Top of Exercise input

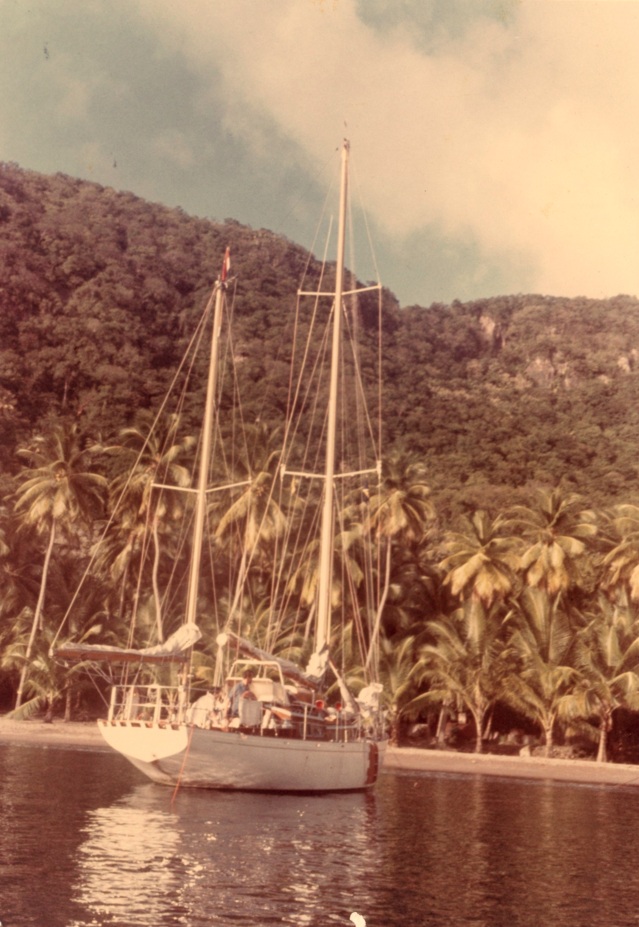 Hans van der Klis tweet media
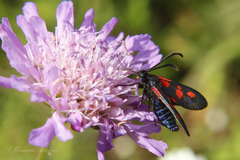 Zygaena lonicerae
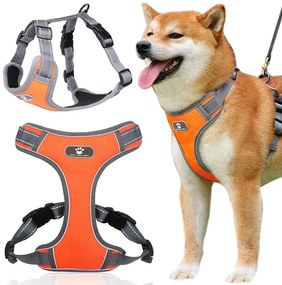 Postroj pre psov Astro L oranžový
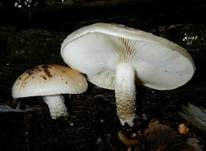 Tonweißer Schüppling, Foto 22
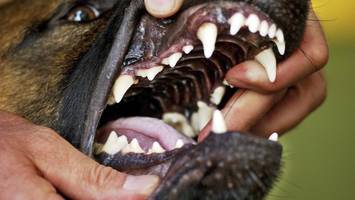 Barmstedt: Beißwütiger Hund läuft Amok – Polizei sucht Zeugen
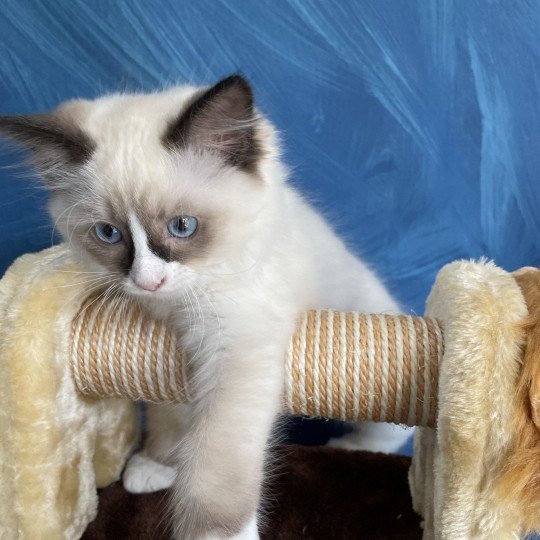 chaton Ragdoll seal point mitted Sir Saphyr Les Ragdolls de la Croisette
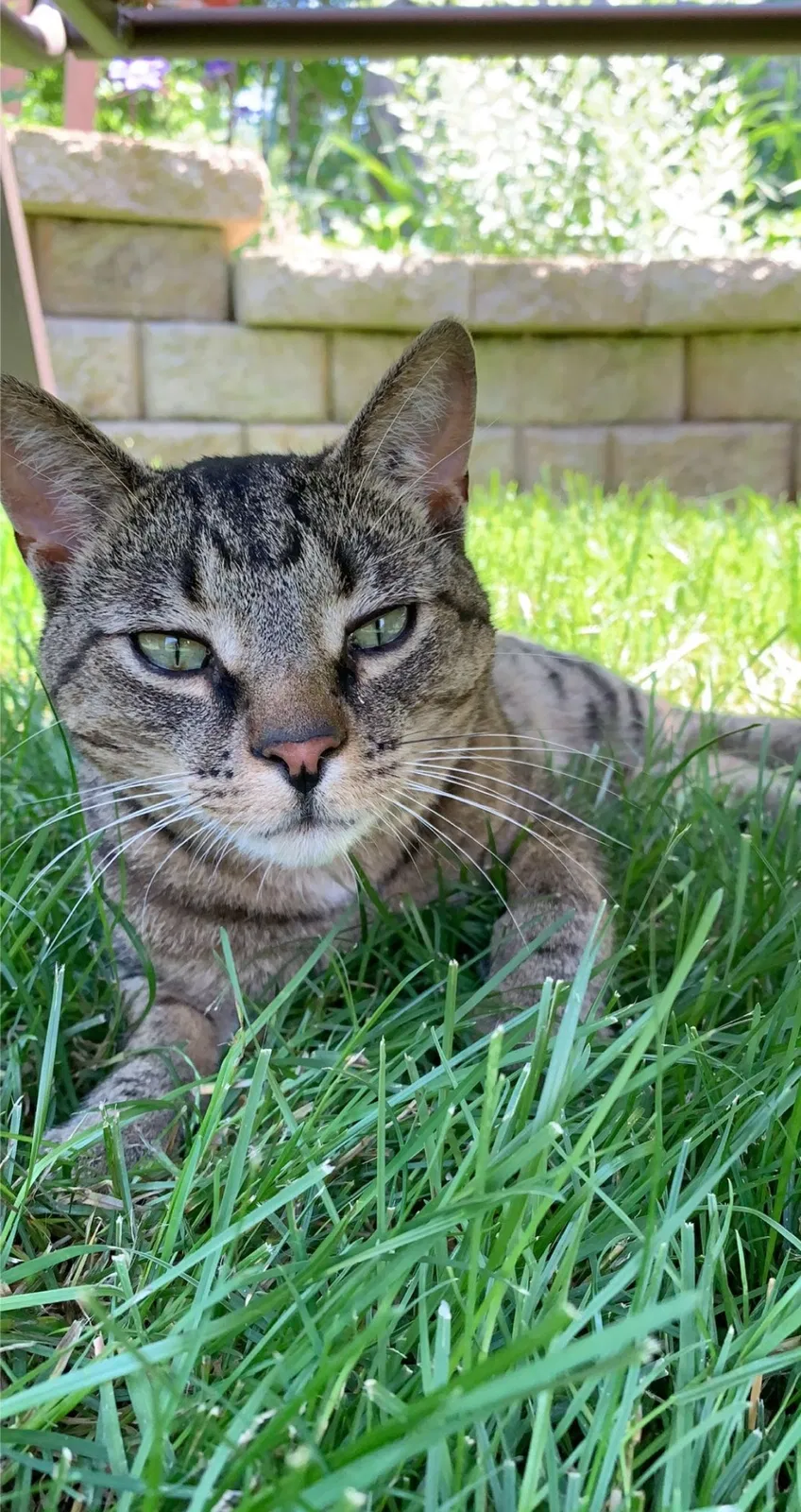 Lost cat in Milwaukee, WI, 53211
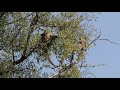 Leopard Shakes Monkey from Tree (part 2)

Bottom of Exercise input

Activity » Transcribe the listing above verbatim. No picture belongs in the result.

Written solution »
 Hans van der Klis tweet media
 Zygaena lonicerae
 Postroj pre psov Astro L oranžový
 Tonweißer Schüppling, Foto 22
 Barmstedt: Beißwütiger Hund läuft Amok – Polizei sucht Zeugen
 chaton Ragdoll seal point mitted Sir Saphyr Les Ragdolls de la Croisette
 Lost cat in Milwaukee, WI, 53211
 Leopard Shakes Monkey from Tree (part 2)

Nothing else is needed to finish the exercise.